The Ministry of Health said it provided information from the New Zealand Health Survey to support the study, including information about hazardous drinking based on the Alcohol Use Disorders Identification test question set developed by the World Health Organization and asked as part of the Health Survey.
Meanwhile, additional analysis from the New Zealand Drug Foundation released last month showed deaths by alcohol overdose have increased from 17 in 2019 to 42 in 2021.
Stats NZ’s alcohol consumption data splits the spirits category by either containing more than or less than 23 per cent alcohol.
The “spirits containing not more than 23 per cent alcohol” category, which includes spirit-based drinks like RTDs, has shot up since the mid-90s when around 2.5 million litres was available to 85.5m litres in the latest data.
Jackson said the data on spirit availability indicated an increase in RTD consumption driven by targeted marketing, especially through digital media and music festivals.
“The industry has evolved to using a health halo around their RTDs. RTDs had that bad reputation of being totally sugar-laden.
“Now they’re trying to market them as being this low-sugar alternative and there has been a real growth in that market.”

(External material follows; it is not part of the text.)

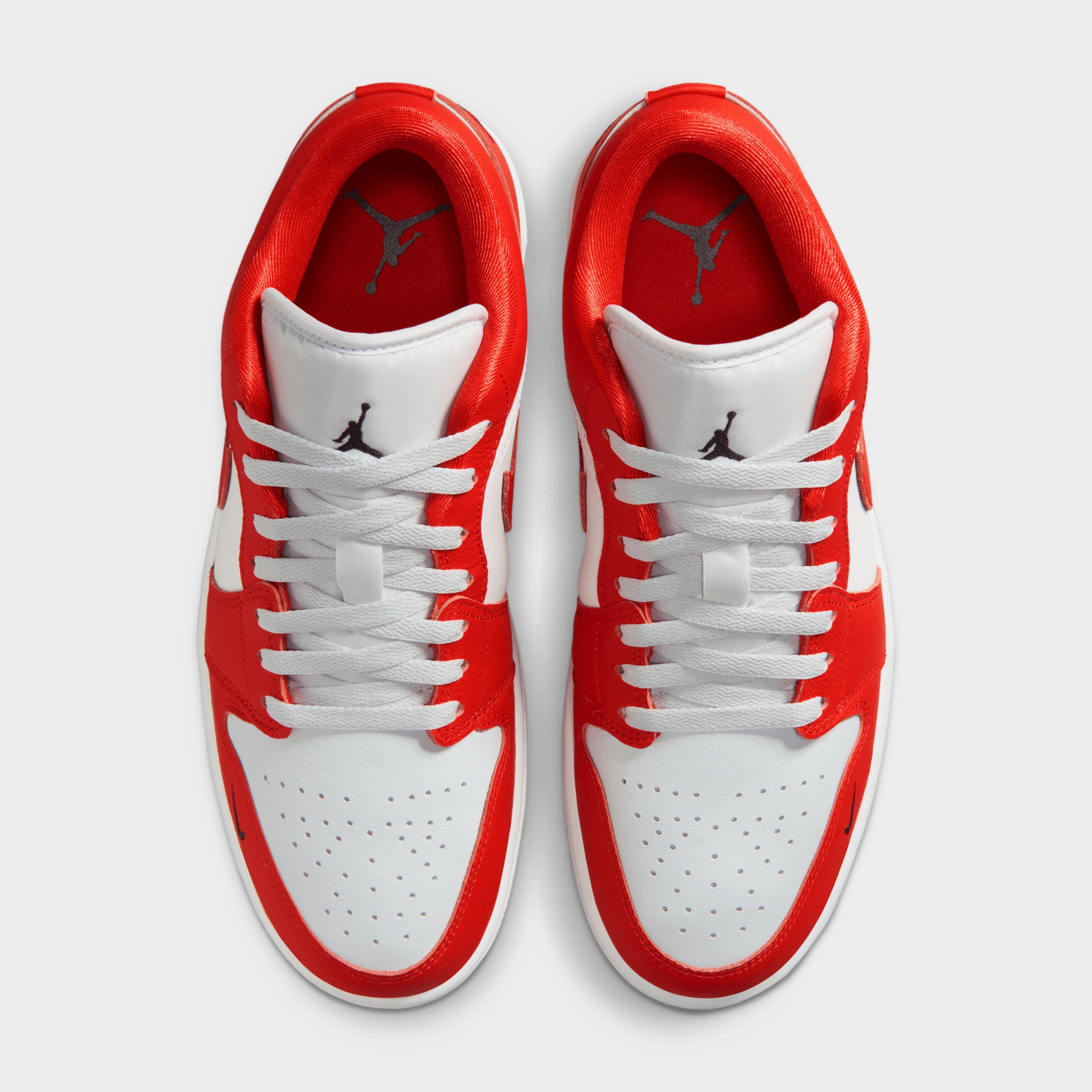 スニーカー AIR  JORDAN1  LOW  RED WHITE Jordan 1 Low SE Chile Red / Black - Summit White – JD Sports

Jackson said strong policies were needed for meaningful reductions in alcohol consumption in New Zealand, including addressing the low price of alcohol, reducing availability and restricting alcohol advertising.

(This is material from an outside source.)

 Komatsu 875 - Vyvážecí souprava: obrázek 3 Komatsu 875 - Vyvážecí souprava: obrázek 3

“I want to see those numbers come down, and substantially.”
Green MP Chloe Swarbrick, who drafted the Alcohol Harm Minimisation Bill introduced in June, was dissatisfied with the granularity of data on alcohol consumption, noting a lack of contextual evidence of the proliferation of on- and particularly off-licences over the past 15 years.

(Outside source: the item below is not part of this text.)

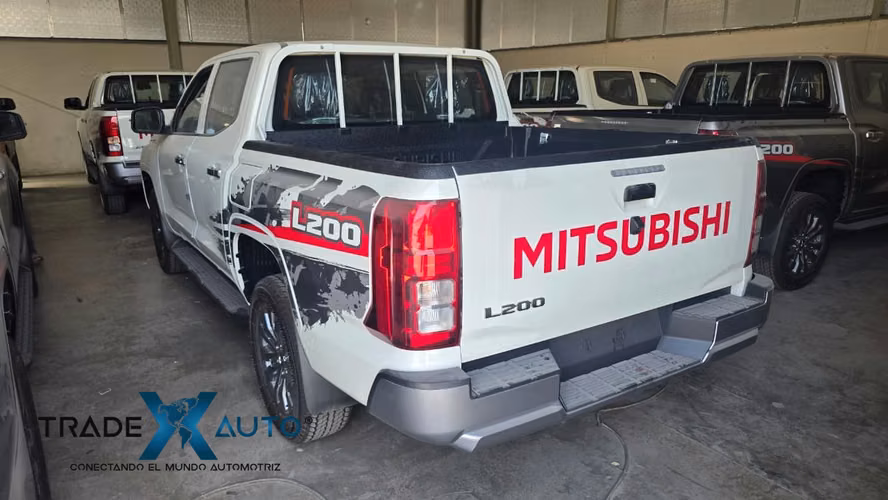 Mitsubishi Pick up L200 GLS-Plus 2.4L Gasolina 4WD MT 2027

In September Alcohol Healthwatch delivered a 6000-signature petition to Parliament, urging MPs to pass Swarbrick’s private members bill.
The following month the government announced plans to help councils set rules for alcohol sales in their own neighbourhoods, as the first move in a series of planned reforms.
Swarbrick’s bill has two measures: ban alcohol advertising and sponsorship for broadcast sports, and block appeals of councils’ local alcohol policies.